Recently, different technologies and bioremediation strategies have been developed to mitigate phosphate pollution, aiming to reduce phosphate levels in water and minimizing the associated environmental impacts [5]. Among these, chemical treatments are commonly used due to their high efficiency, especially when combined with biological agents. Among all reagents employed in chemical methods, aluminum sulfate is the most commonly used metal salt. This salt reacts with phosphate in solution to form solid precipitates, which are the removed from water through a traditional physical separation method (e.g., filtration, clarification) [6,7]. Furthermore, modifications of coagulants offer a promising alternative for improving phosphate removal from water. Titanium-containing reagents are also used for phosphate remotion [8]. However, chemical methods may produce harmful by-products through reactions with other compounds present in the water matrix, which can further damage the ecosystem [9]. The need of acid of alkali additives during chemical process can also boost sludge production [10,11].

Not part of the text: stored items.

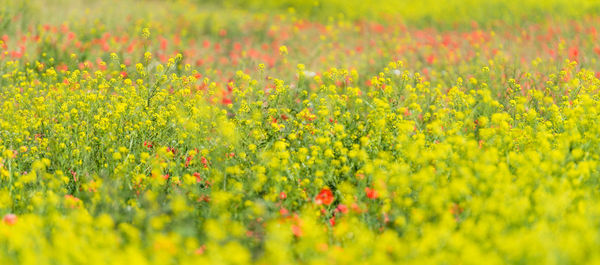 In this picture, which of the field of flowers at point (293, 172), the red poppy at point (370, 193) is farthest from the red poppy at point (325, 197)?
the red poppy at point (370, 193)

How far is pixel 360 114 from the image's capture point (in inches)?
214

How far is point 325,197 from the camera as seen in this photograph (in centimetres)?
400

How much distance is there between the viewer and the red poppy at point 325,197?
395 cm

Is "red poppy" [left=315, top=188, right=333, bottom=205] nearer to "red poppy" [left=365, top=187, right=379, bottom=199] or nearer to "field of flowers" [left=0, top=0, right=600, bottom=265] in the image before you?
"field of flowers" [left=0, top=0, right=600, bottom=265]

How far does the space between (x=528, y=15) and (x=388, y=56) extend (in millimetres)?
5130

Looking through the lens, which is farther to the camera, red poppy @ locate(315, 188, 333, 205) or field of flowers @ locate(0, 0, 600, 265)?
red poppy @ locate(315, 188, 333, 205)

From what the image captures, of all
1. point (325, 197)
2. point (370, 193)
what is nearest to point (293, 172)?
point (325, 197)

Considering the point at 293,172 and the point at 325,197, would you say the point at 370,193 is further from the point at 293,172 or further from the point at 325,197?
the point at 293,172

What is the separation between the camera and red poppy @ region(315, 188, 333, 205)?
395 centimetres

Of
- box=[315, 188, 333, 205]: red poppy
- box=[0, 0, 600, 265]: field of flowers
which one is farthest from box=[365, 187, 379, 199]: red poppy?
box=[315, 188, 333, 205]: red poppy

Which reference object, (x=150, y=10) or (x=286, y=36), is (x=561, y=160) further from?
(x=150, y=10)

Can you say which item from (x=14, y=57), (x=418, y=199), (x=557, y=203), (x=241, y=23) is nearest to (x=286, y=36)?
(x=241, y=23)

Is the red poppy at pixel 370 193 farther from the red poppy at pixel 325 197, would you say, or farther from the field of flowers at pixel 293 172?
the red poppy at pixel 325 197

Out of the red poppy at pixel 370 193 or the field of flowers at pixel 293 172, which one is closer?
the field of flowers at pixel 293 172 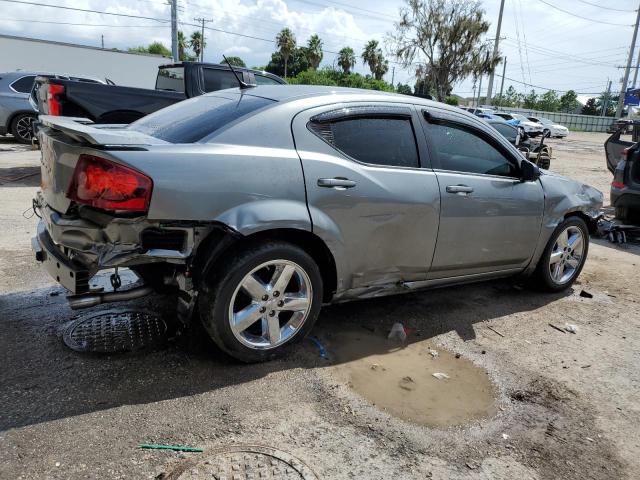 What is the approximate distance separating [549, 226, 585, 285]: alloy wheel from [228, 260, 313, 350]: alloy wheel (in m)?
2.76

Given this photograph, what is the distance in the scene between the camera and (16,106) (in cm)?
1277

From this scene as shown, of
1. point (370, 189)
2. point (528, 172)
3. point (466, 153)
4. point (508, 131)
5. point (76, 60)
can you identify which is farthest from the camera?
point (76, 60)

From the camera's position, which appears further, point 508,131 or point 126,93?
point 508,131

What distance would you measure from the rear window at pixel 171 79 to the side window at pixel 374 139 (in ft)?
19.9

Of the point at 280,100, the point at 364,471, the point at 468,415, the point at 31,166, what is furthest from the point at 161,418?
the point at 31,166

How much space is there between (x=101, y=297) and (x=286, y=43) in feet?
216

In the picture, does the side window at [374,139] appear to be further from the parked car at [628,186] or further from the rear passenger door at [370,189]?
the parked car at [628,186]

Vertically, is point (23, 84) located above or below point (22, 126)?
above

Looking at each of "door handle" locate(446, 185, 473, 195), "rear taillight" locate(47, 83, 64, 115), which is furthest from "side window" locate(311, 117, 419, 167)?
"rear taillight" locate(47, 83, 64, 115)

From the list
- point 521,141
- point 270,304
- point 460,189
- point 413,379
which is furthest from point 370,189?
point 521,141

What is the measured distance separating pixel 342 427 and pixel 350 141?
1818 millimetres

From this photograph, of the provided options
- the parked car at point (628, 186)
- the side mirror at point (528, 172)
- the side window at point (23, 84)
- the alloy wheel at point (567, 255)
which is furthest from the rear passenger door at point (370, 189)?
the side window at point (23, 84)

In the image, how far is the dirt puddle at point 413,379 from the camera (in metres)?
3.05

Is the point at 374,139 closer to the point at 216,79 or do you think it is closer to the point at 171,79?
the point at 216,79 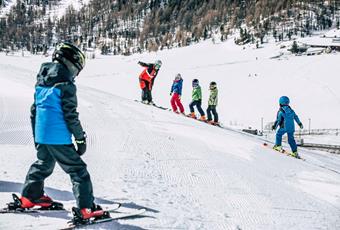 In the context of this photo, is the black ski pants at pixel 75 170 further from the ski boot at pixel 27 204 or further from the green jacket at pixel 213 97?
the green jacket at pixel 213 97

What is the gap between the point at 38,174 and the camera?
461cm

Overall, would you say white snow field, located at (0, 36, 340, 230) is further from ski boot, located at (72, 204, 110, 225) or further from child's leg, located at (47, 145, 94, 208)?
child's leg, located at (47, 145, 94, 208)

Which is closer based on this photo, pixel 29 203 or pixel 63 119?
pixel 63 119

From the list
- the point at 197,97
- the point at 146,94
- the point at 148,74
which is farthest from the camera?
the point at 146,94

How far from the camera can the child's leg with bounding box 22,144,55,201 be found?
15.0ft

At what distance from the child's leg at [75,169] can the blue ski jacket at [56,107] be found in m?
0.08

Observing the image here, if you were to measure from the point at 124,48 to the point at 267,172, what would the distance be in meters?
187

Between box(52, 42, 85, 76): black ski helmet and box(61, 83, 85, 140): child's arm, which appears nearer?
box(61, 83, 85, 140): child's arm

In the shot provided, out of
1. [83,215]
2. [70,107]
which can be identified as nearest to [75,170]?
[83,215]

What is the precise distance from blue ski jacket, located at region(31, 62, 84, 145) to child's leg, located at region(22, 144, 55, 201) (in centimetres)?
21

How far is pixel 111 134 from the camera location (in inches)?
368

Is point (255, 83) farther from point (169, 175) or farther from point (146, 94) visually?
point (169, 175)

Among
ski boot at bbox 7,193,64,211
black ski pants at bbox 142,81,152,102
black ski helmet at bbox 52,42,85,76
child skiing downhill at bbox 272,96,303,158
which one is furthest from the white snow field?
black ski pants at bbox 142,81,152,102

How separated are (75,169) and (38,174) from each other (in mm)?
533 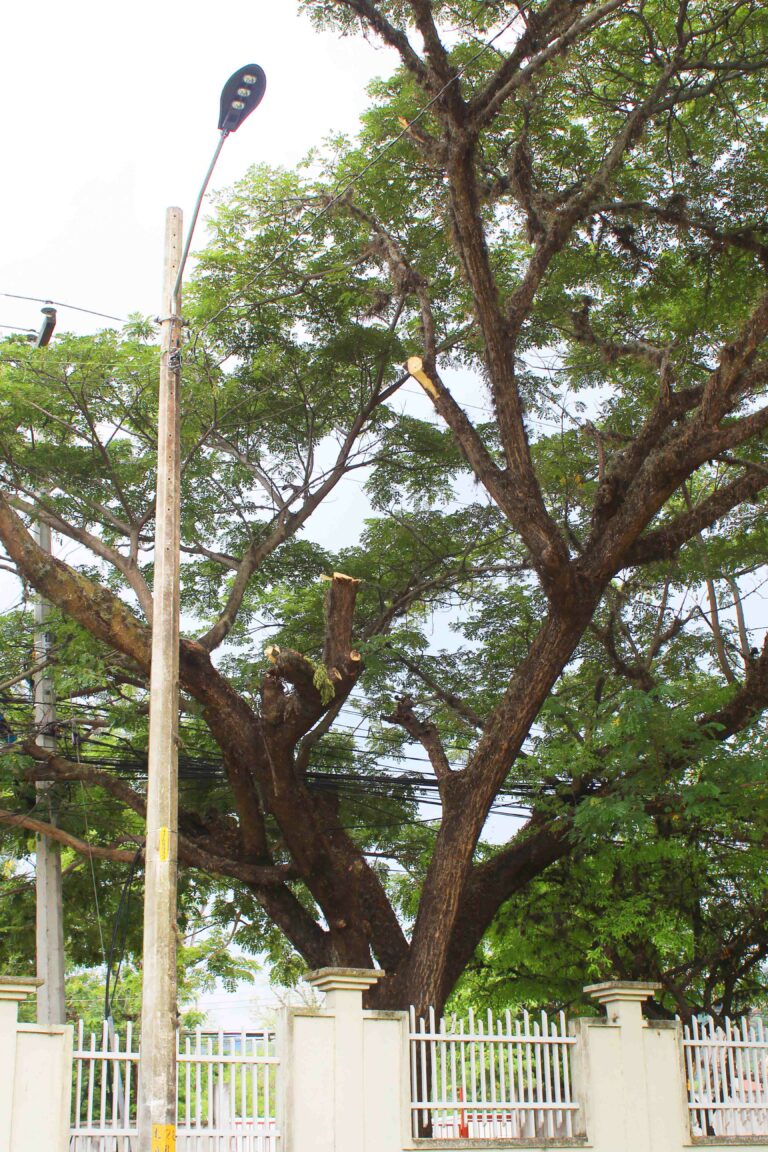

In contrast, biological methods offer a more environmentally friendly alternative, supported by decades of biotechnological advancements. Bioremediation techniques are favored for their minimal ecological impact, though they can face challenges such as nutrient costs, bioreactor design, culture stabilization, and microorganism selection [12]. This technique requires less chemical loads but requires specific microbial and environmental conditions [13].

Biosorption-based techniques have demonstrated effective phosphate removal from water, employing different materials (nanoparticles, nanocomposites, and activated carbon) [14]. This methodology is not expensive compared with traditional methods, and its implementation is easier, offering the possibility of recovering the sorbent material and low quantities of by-products after its implementation [15]. Typical adsorbents employed in phosphorus removal include the following: (i) carbonaceous materials [16], (ii) zeolites [17], (iii) clays [18], (iv) layered double hydroxides [19]. In the last decade, microorganism-based sorbents have represented a promising alternative to complement conventional materials used in adsorption processes [20]. Biomass-based adsorption is gaining attention due to its costs of implementation, low environmental risk, and the availability of biosorbent materials in nature [21]. Different natural sources have been employed to obtain sorbent materials to removal phosphate from water (e.g., wheat straw [22], sawdust [23], eggshell wastes [24], corn straw [25]). These materials offer an green strategy to reuse agricultural and biological waste as an inexpensive and renewable source of sorbent materials [26].

Cyanobacteria, particularly Arthrospira platensis, have shown promise as biosorbents in various studies due to their favorable physicochemical properties, including selectivity and high binding affinity. Several researchers have reported the use of A. platensis to remove several compounds [27]. Mitrogiannis et al. reported its effectiveness in the biosorption of methylene blue [28], while Markou et al. reported the ejection of Cu²⁺ and Ni²⁺ on A. platensis biomass [29]. Similarly, Alprol et al. achieved high removal values using A. platensis biomass to remove methyl orange from water [30]. Recently, Diaz et al. reported phosphorus removal from water onto biochar fabricated using a cyanobacteria biomass obtained from a local swamp [31].

Due to the higher amounts of phosphorus delivered to the ambient, along with changes in precipitation around the world, eutrophication is expected to increase during the 21st century [32]. In this context, cyanobacteria biomass could be a very important material to obtain as a sorbent material to remove phosphorus from water. This methodology could solve two problems: (i) higher phosphorous in water, and (ii) bioaccumulation of cyanobacteria in water. However, despite growing interest in the use of A. platensis for biosorption, there is limited research on its kinetic and thermodynamic behavior in phosphate biosorption. Therefore, in this work, we study the implementation of A. platensis biomass for removing phosphorus from aqueous solutions, with a focus on adsorption efficiency, kinetics, and isothermal behavior.

2. Materials and Methods

2.1. A. platensis Cultivation and Biomass Extraction

The cyanobacterium Arthrospira platensis (strain SAG 21.99) was cultured in BG-11 medium. The pH of this medium, composed of macro- and micronutrients, was adjusted to a value of 7.4. Cultivation was carried out at a constant temperature of 303 K.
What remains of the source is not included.